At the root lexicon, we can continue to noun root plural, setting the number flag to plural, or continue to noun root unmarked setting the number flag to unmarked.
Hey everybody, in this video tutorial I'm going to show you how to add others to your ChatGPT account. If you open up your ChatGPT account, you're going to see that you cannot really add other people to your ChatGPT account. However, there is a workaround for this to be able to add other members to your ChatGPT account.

☆ ☆ ☆ ☆ ☆

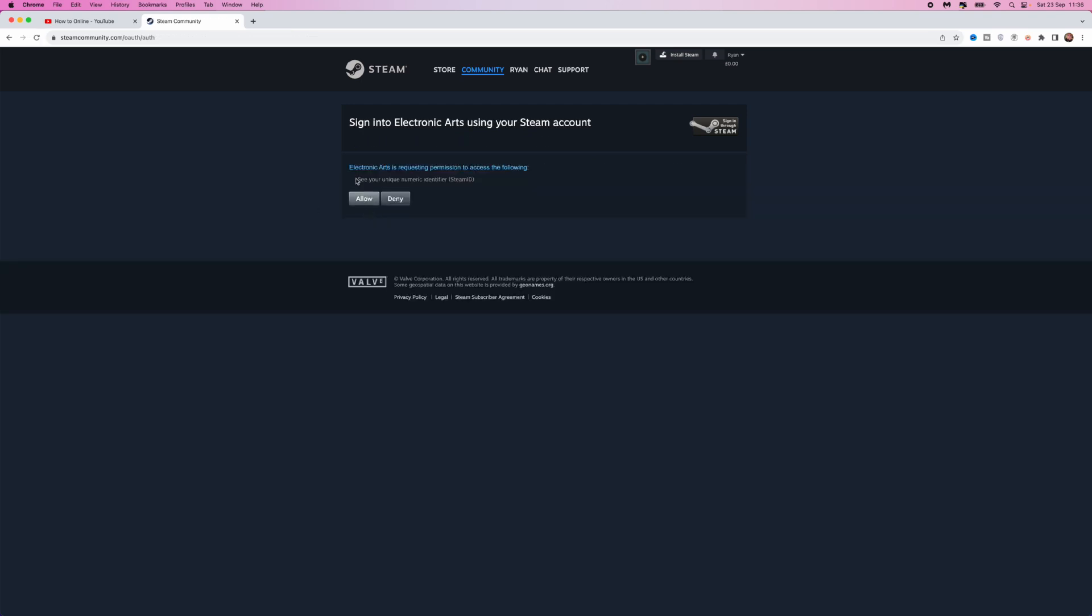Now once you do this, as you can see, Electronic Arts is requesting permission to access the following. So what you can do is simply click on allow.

☆ ☆ ☆ ☆ ☆

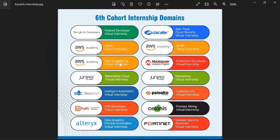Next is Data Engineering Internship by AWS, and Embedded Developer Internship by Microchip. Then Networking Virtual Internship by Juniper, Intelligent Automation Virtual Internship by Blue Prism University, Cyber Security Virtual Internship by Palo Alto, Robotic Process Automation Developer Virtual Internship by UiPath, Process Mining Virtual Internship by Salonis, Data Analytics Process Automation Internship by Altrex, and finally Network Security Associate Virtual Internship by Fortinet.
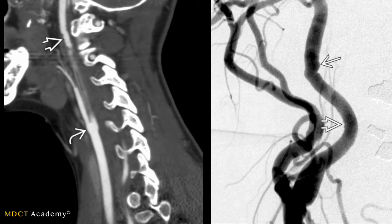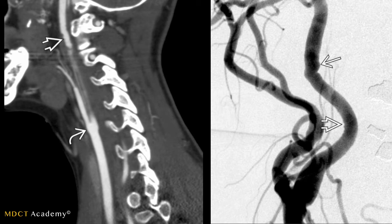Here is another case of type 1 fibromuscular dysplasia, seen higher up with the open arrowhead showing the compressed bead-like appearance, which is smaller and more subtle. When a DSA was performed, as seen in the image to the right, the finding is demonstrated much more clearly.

☆ ☆ ☆ ☆ ☆

■ **TASK TO CARRY OUT**
Look above for the line with "Next is Data" and the line with "Here is another". Output those two and everything between them exactly, pictures excluded.

■ **RESPONSE TO THE TASK**
Next is Data Engineering Internship by AWS, and Embedded Developer Internship by Microchip. Then Networking Virtual Internship by Juniper, Intelligent Automation Virtual Internship by Blue Prism University, Cyber Security Virtual Internship by Palo Alto, Robotic Process Automation Developer Virtual Internship by UiPath, Process Mining Virtual Internship by Salonis, Data Analytics Process Automation Internship by Altrex, and finally Network Security Associate Virtual Internship by Fortinet.
Here is another case of type 1 fibromuscular dysplasia, seen higher up with the open arrowhead showing the compressed bead-like appearance, which is smaller and more subtle. When a DSA was performed, as seen in the image to the right, the finding is demonstrated much more clearly.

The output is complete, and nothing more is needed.